§ **What you should do**: Nothing but the lines below from the one containing "And that was" through the one containing "Hey what's going" should appear in the answer, exact and without pictures.

Supplied information Start Marker

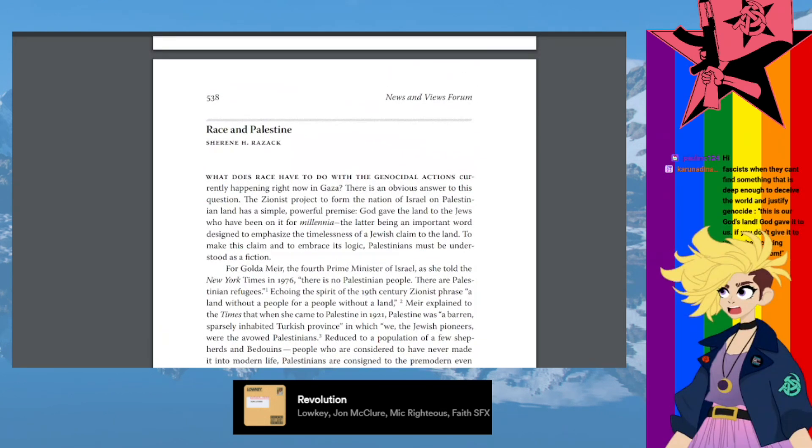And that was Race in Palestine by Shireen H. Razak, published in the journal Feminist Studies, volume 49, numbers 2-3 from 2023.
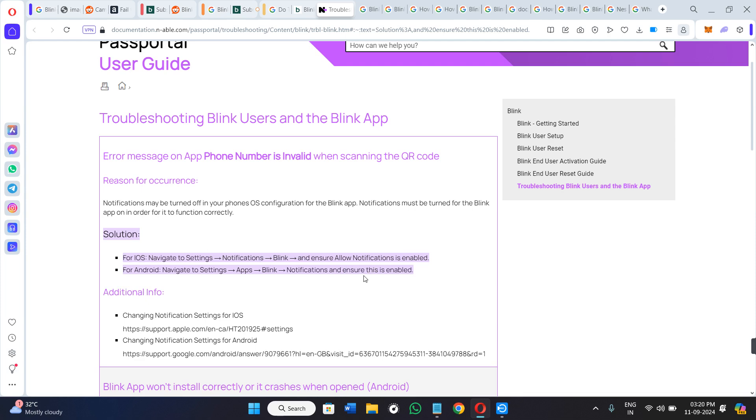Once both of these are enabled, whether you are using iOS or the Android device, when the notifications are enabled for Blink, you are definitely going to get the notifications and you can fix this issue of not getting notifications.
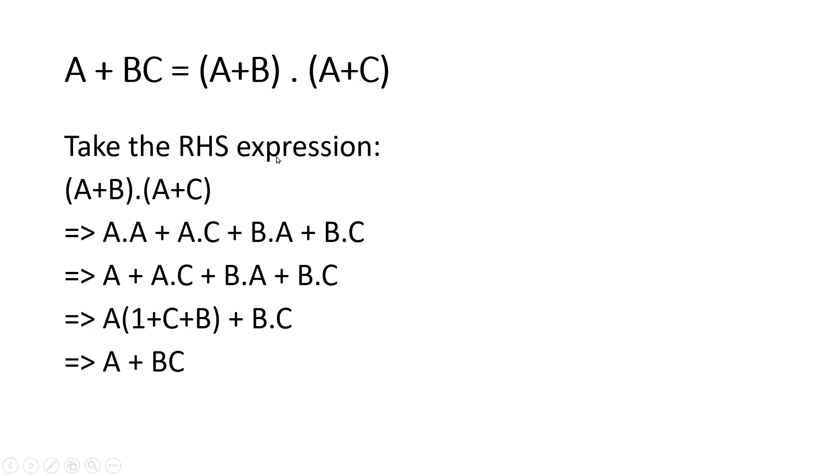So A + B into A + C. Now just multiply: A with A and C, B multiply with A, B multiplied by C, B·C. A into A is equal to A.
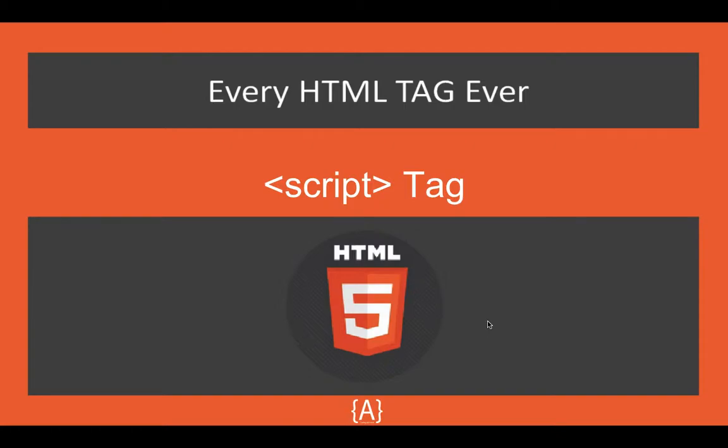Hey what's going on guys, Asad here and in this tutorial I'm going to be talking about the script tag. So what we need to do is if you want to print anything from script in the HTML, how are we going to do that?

Supplied information End Marker
Supplied information Start Marker

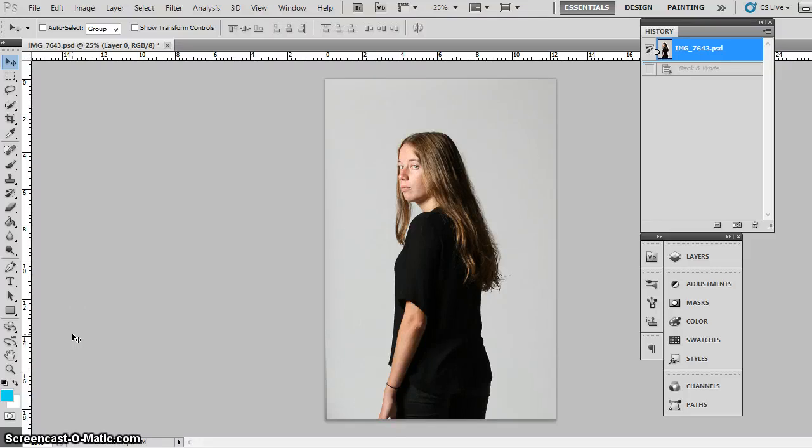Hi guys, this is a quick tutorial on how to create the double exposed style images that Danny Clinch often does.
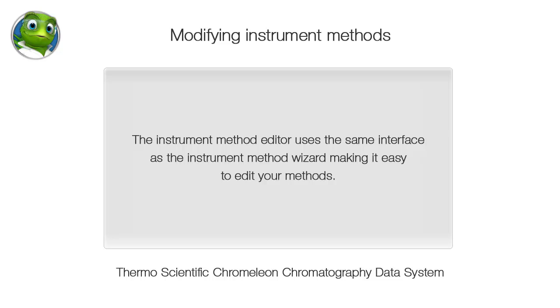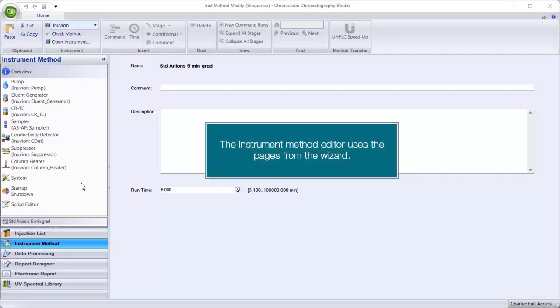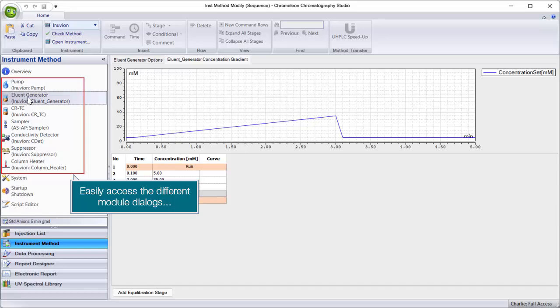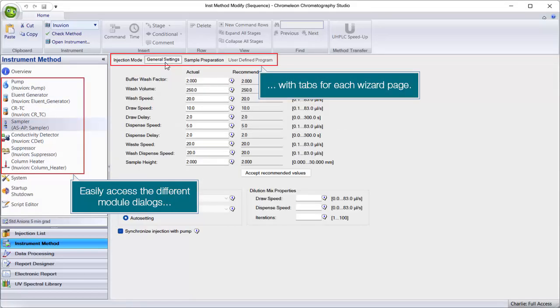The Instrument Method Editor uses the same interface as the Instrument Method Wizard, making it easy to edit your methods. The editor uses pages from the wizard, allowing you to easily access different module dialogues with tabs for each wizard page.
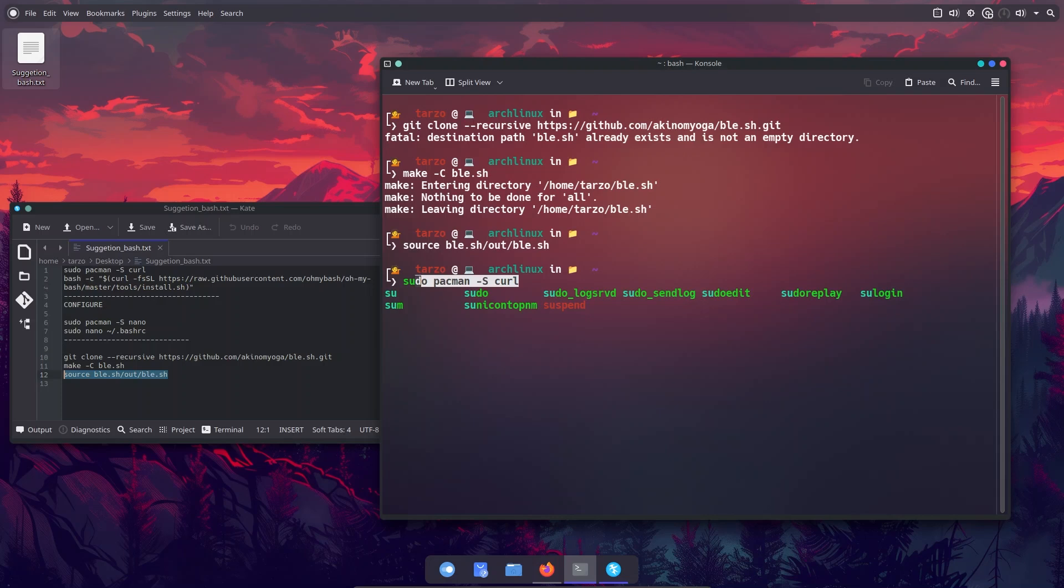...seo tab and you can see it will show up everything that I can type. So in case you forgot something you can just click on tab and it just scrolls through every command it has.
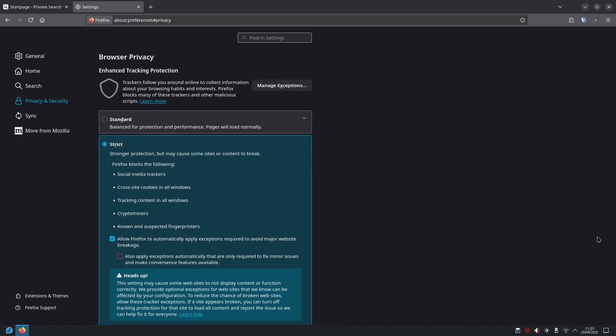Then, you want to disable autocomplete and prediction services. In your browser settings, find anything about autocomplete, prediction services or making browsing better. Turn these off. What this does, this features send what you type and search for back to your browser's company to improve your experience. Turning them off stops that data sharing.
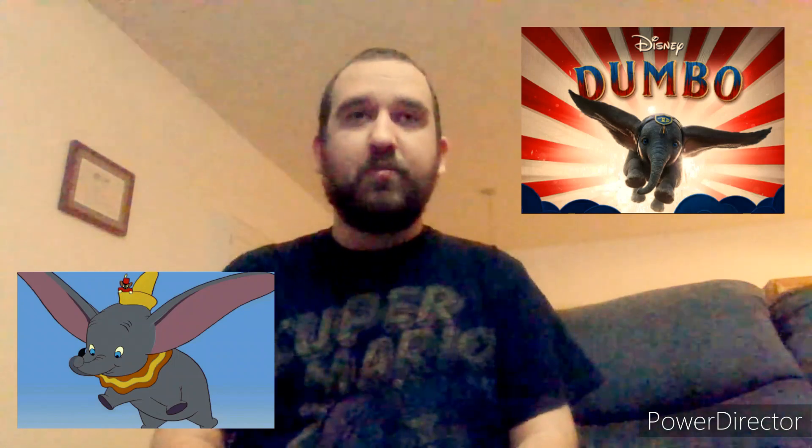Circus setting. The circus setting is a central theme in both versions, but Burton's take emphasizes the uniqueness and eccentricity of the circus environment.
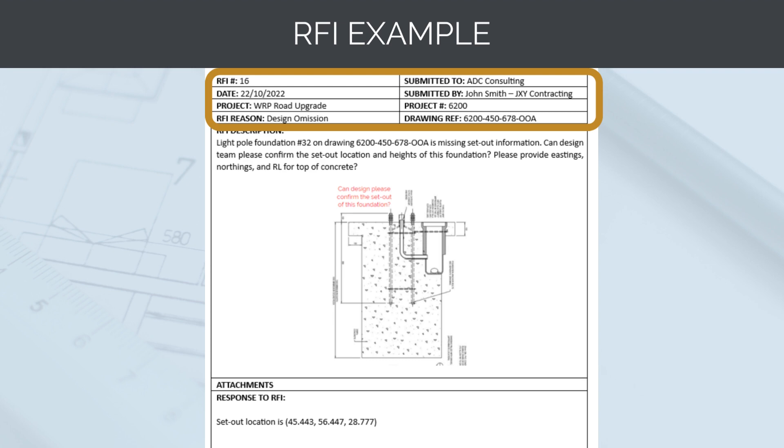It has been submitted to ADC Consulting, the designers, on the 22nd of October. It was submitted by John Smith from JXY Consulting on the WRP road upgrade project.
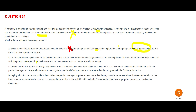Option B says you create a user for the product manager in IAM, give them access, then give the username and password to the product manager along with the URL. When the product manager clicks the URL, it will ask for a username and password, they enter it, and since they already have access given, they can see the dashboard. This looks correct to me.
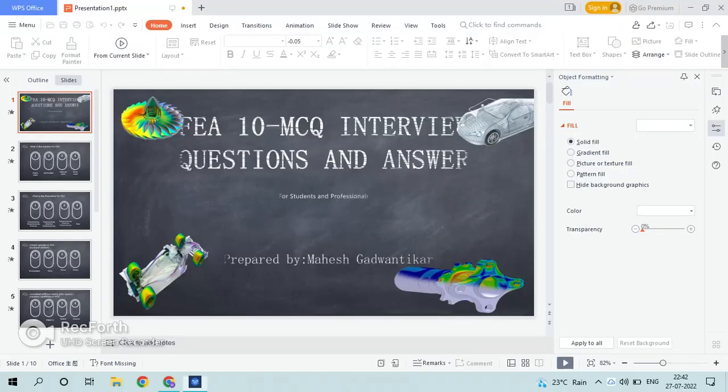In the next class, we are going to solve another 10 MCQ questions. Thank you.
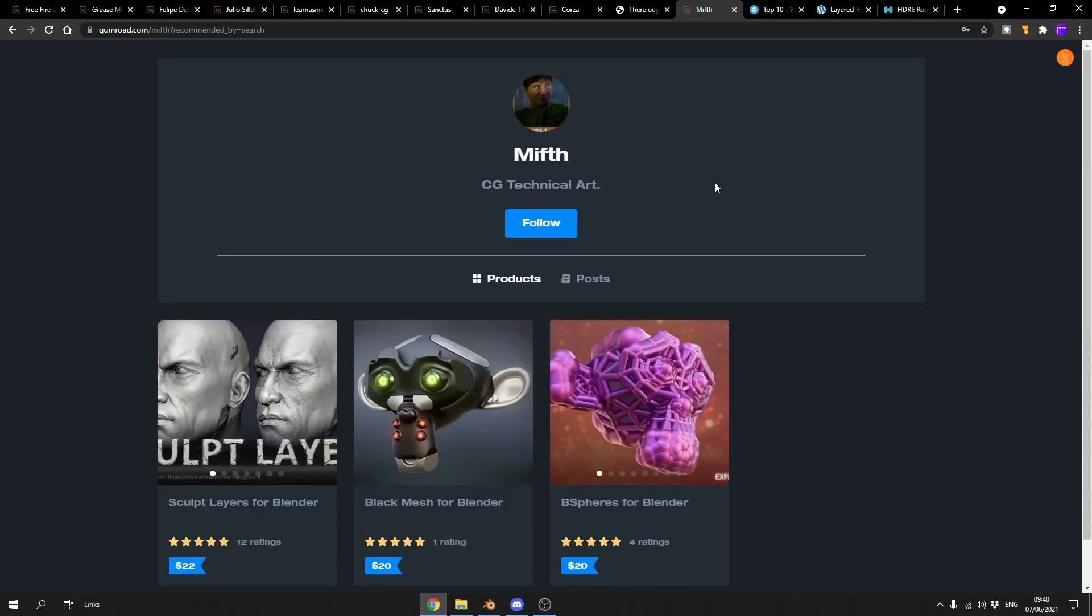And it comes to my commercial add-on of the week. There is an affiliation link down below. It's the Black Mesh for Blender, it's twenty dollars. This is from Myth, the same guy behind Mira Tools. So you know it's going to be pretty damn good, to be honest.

Supplied information End Marker

§ **Answer to this exercise**:
And that was Race in Palestine by Shireen H. Razak, published in the journal Feminist Studies, volume 49, numbers 2-3 from 2023.
Once both of these are enabled, whether you are using iOS or the Android device, when the notifications are enabled for Blink, you are definitely going to get the notifications and you can fix this issue of not getting notifications.
So A + B into A + C. Now just multiply: A with A and C, B multiply with A, B multiplied by C, B·C. A into A is equal to A.
Hey what's going on guys, Asad here and in this tutorial I'm going to be talking about the script tag. So what we need to do is if you want to print anything from script in the HTML, how are we going to do that?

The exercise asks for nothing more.